#### Entries provided ####

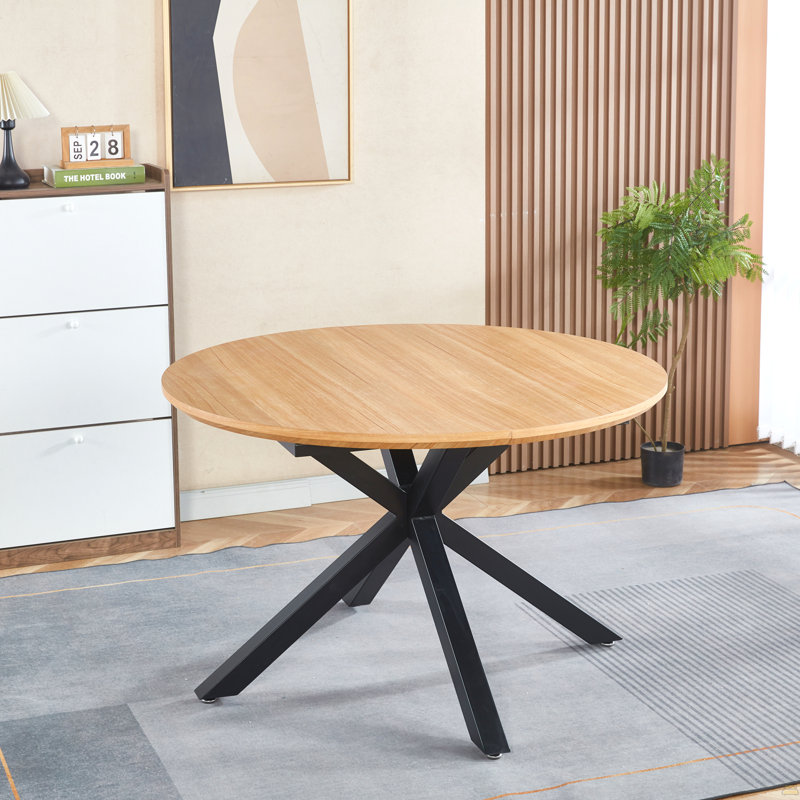 Table extensible, table de salle à manger, table de bureau, table basse, pieds en métal, plateau en MDF, Chêne
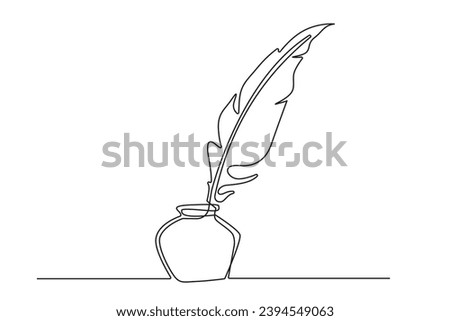 continuous line of ancient quill pen.single line of quill pen with liquid ink.old school stationery.isolated white background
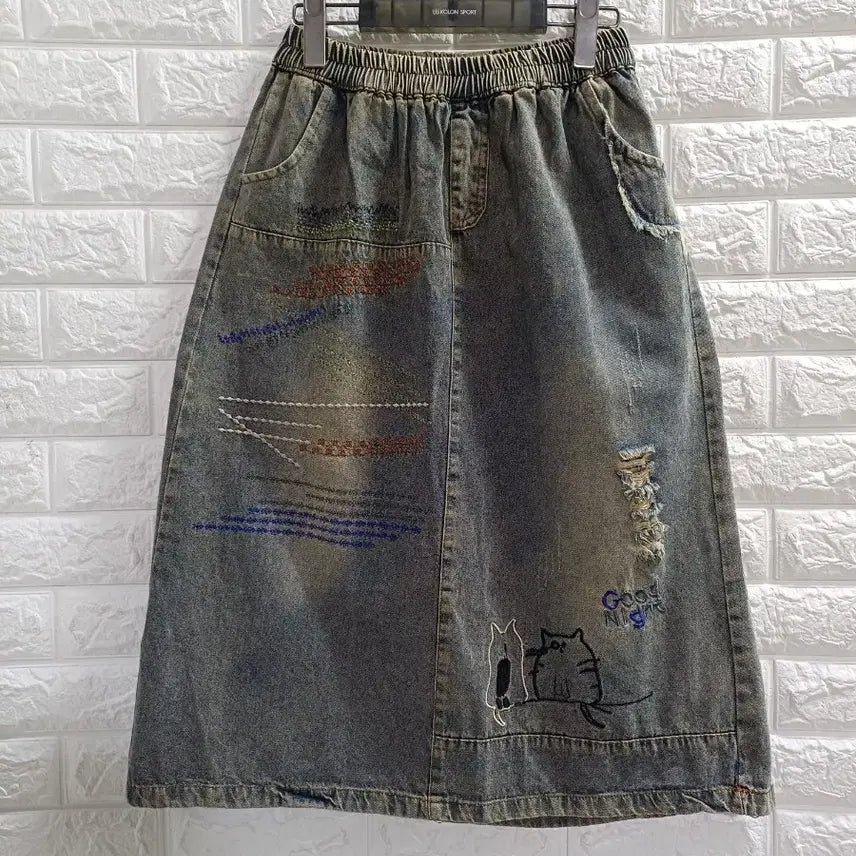 [BUNJANG] Banding Washing Denim Skirt / 밴딩 워싱 데님스커트 야옹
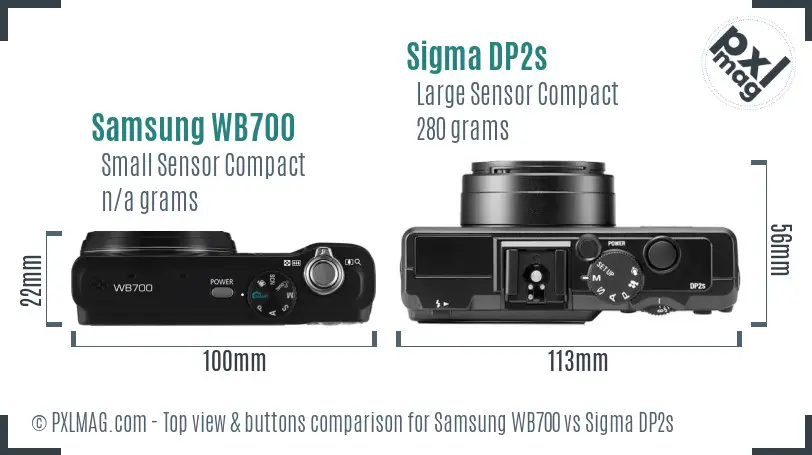 Samsung WB700 vs Sigma DP2s top view buttons comparison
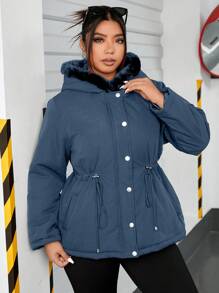 SHEIN EZwear 大码女式夹棉大衣，带毛领和拉链 - 淺藍色 - 查看 5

####

*Exercise directions*
When the line containing "Samsung WB700 vs" is reached, write out that line and each one after it exactly, ending with the last line of the records; pictures are not copied.

*Answer to this problem*
 Samsung WB700 vs Sigma DP2s top view buttons comparison
 SHEIN EZwear 大码女式夹棉大衣，带毛领和拉链 - 淺藍色 - 查看 5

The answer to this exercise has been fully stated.